:: TASK TO CARRY OUT ::
Return the line that has "Marcador Compactor Destaque Azul Pastel" and all lines below it through the last, exactly as they stand; omit pictures.

:: INFORMATION PROVIDED ::
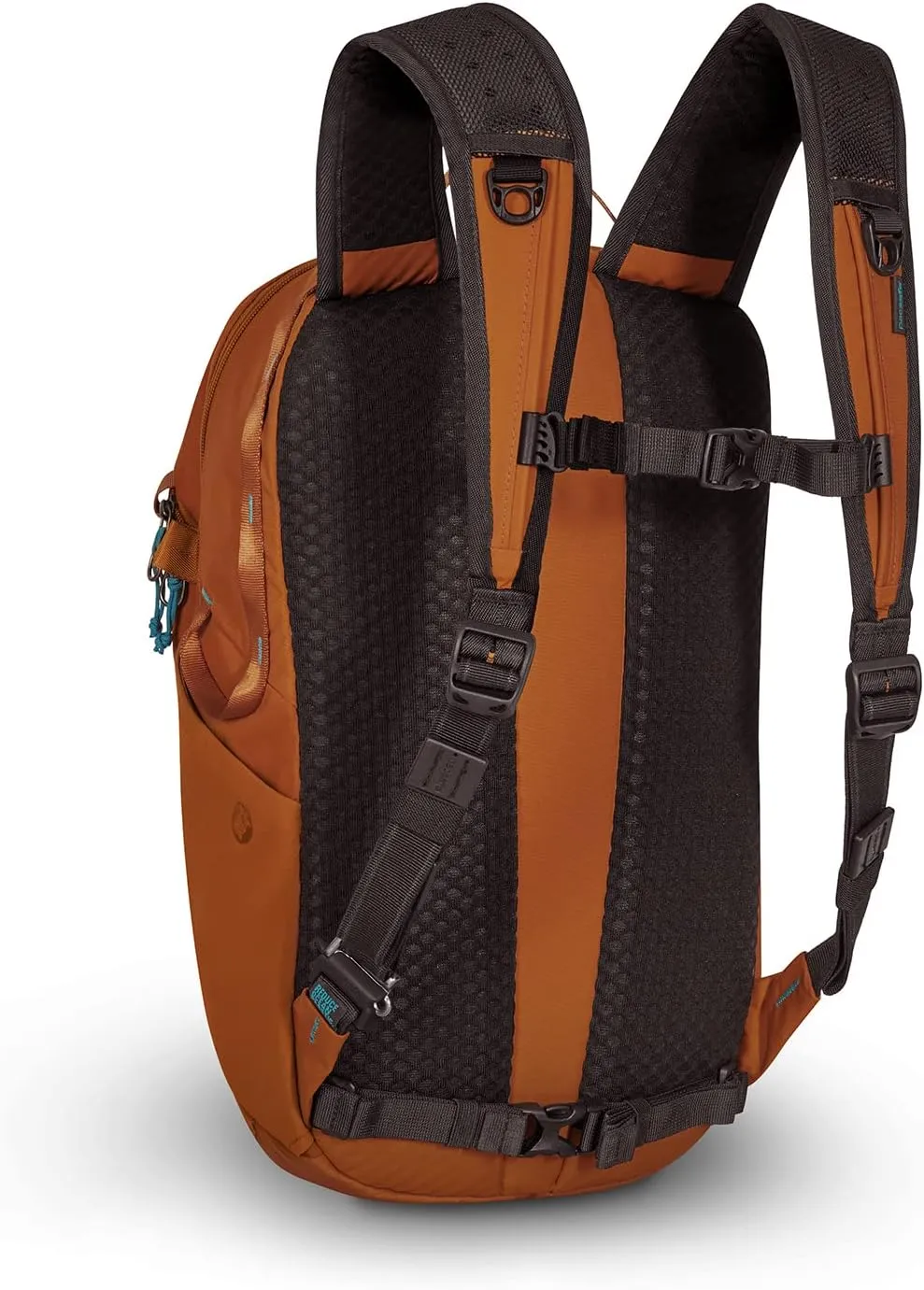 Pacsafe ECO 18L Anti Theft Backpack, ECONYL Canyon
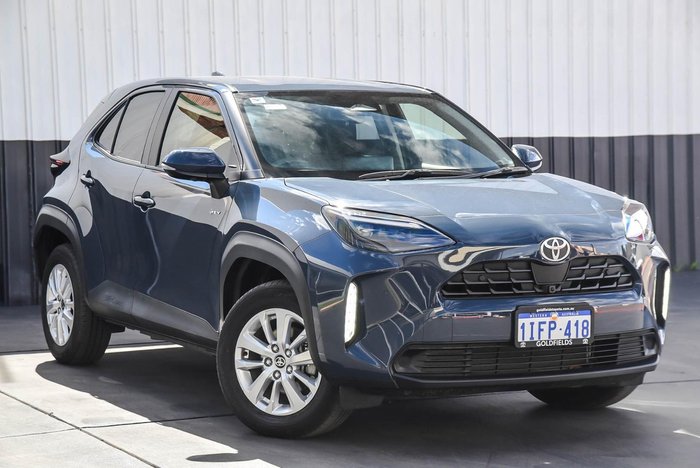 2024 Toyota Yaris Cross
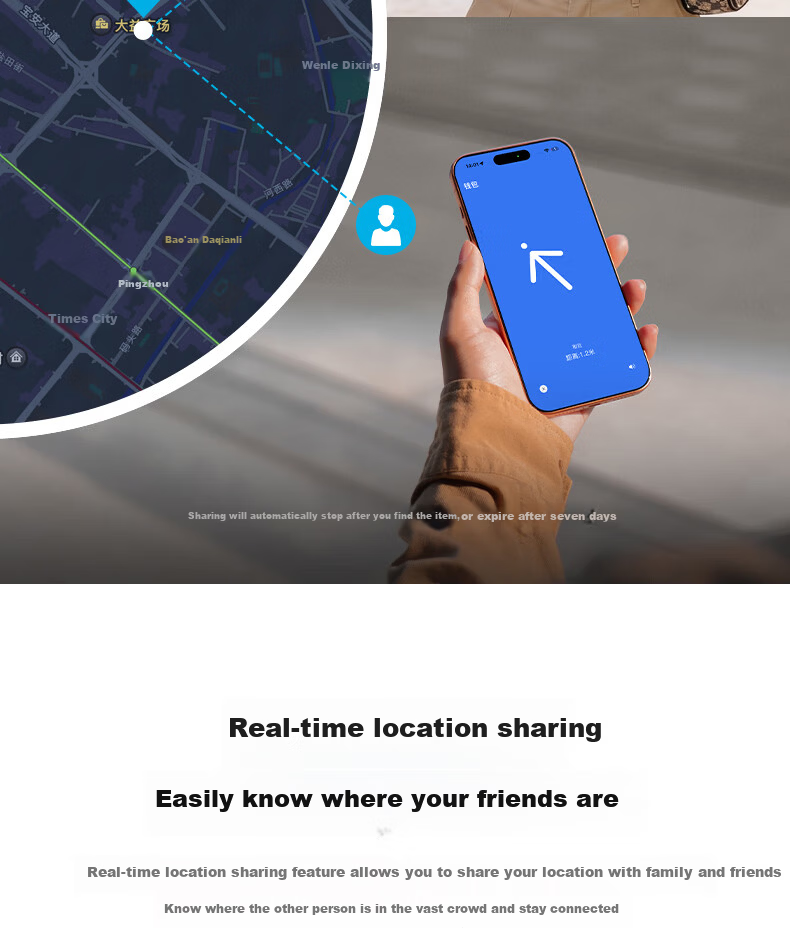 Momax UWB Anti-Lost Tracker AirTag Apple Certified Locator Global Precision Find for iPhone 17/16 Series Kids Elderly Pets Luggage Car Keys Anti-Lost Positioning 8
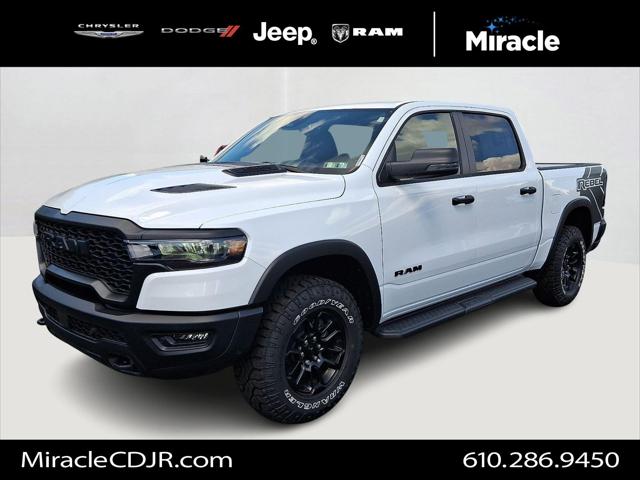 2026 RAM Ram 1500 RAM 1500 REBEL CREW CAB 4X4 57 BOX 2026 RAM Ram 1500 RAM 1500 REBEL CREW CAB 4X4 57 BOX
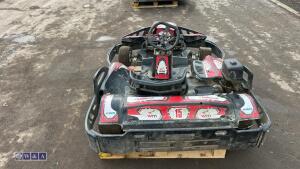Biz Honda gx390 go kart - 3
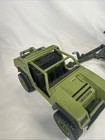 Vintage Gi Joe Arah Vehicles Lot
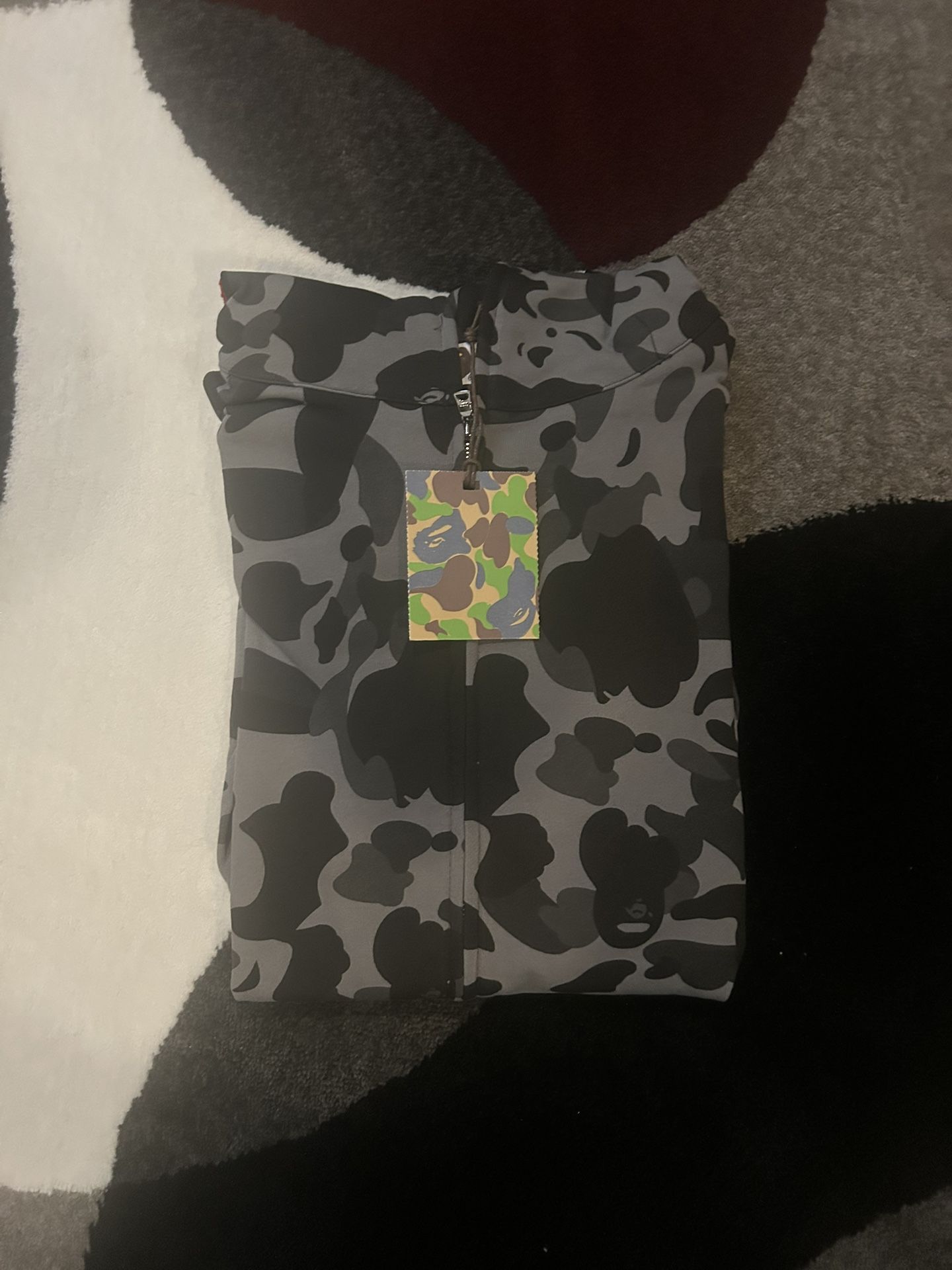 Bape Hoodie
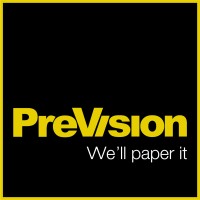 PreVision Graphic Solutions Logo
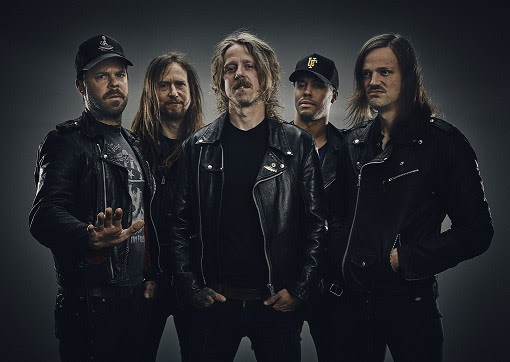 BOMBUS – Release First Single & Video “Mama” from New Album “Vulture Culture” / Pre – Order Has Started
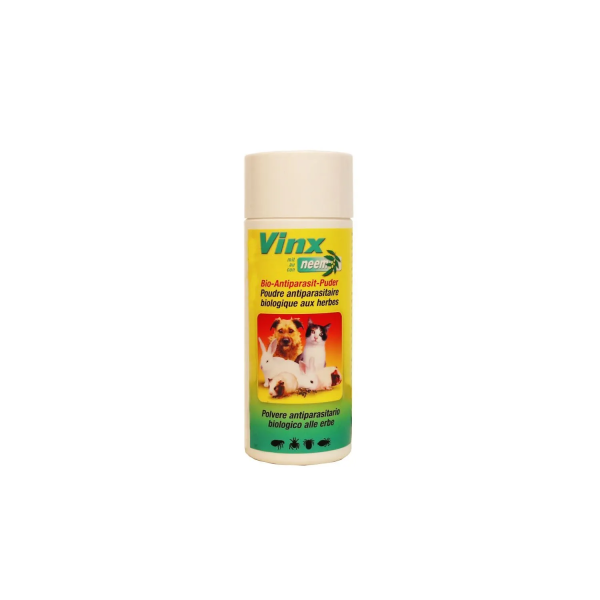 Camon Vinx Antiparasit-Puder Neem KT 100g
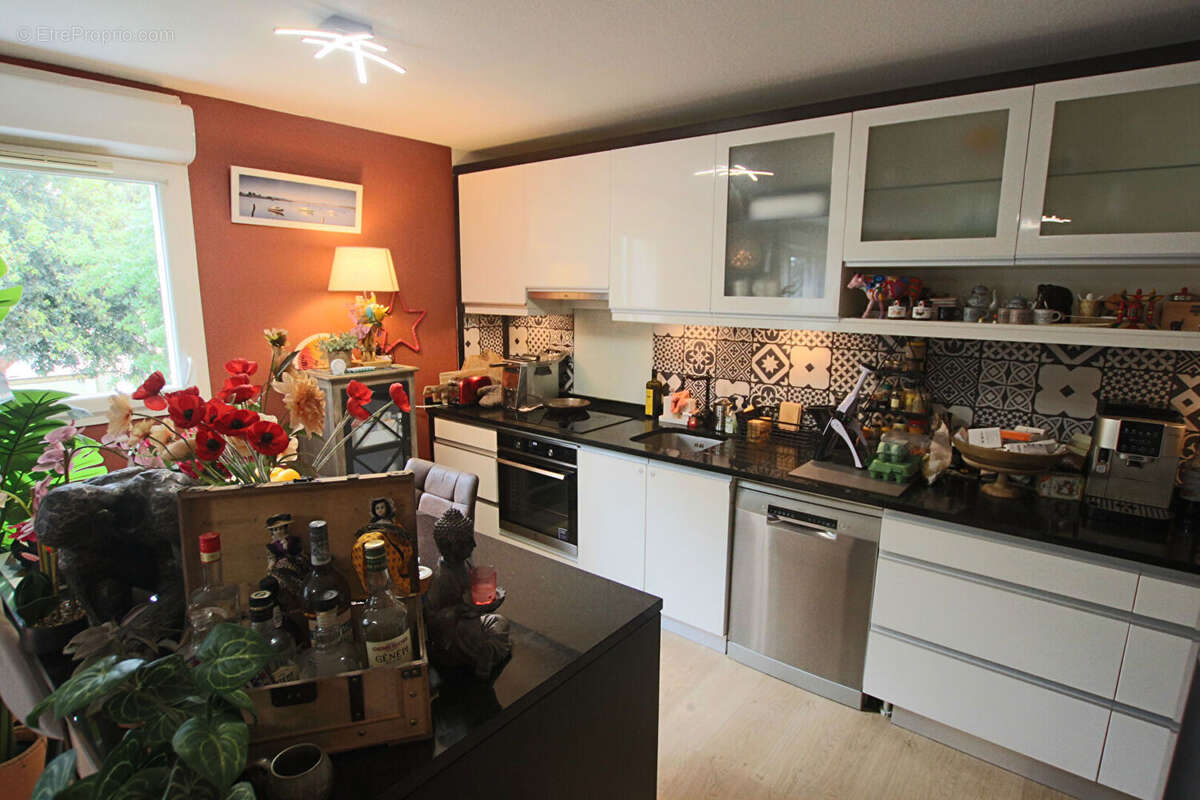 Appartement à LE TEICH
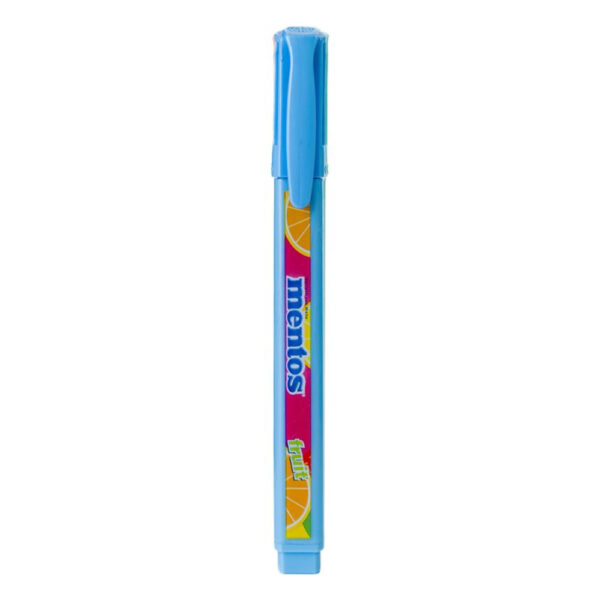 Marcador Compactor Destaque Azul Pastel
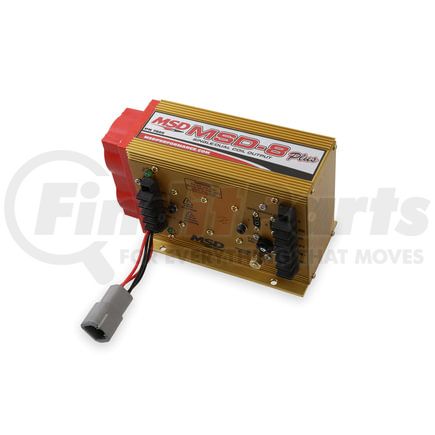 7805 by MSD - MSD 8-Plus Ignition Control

:: SOLUTION ::
 Marcador Compactor Destaque Azul Pastel
 7805 by MSD - MSD 8-Plus Ignition Control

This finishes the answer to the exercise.